The short answer is: we need both.
When we do archival accounting research, we often need to merge data across various databases, such as COMPUSTAT, CRSP, and EXECUCOMP. Stata can by no means beat SAS in this regard. SAS supports full SQL (a language specifically designed for database query), whereas Stata only has a “baby” merge functionality (really, “baby”!).
When we get all data and start to do data analysis, such as statistics, correlations, and regressions, this work can be done much more efficiently by Stata than by SAS. Not mention many handy packages developed by Stata user community, an ecosystem like Apple’s App Store.
So, the best strategy is to use different software at different research stages. The learning cost is not as high as this strategy sounds like—Stata is easy to learn (in fact, way easier than SAS). Anyone can command Stata very quickly.
I have attached a PPT on this topic in a bit more details (BBLG SAS vs STATA).
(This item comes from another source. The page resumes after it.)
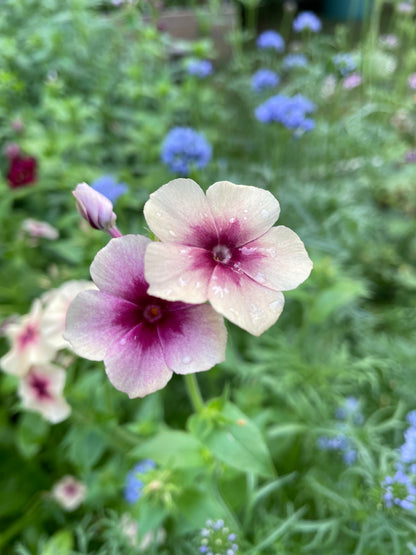 Sommarflox ”Cherry Caramel”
Finally, I use the following quote to conclude (thanks to WRDS.US Tutorials Series):
Even though data management and regression can be performed in SAS, some users prefer to use another package to do the ‘final’ steps. For example, SAS can be used to retrieve and manage the data. The final dataset created in SAS can then be converted for example to STATA format (using StataTrans). STATA can then be used to create the tables with descriptive statistics, correlation tables, and perform (final) regressions and other statistical tests.
I agree! R is also a good choice except stata
As a R programmer, I have to learn SAS and Stata at the same time this summer since my professor uses these two languages. I find them really powerful, especially for dealing with large dataset (SAS versus R) and running regreesions (Stata).
Life is short, I use SAS + Stata.
Another joke: Life is too short to learn C++ well.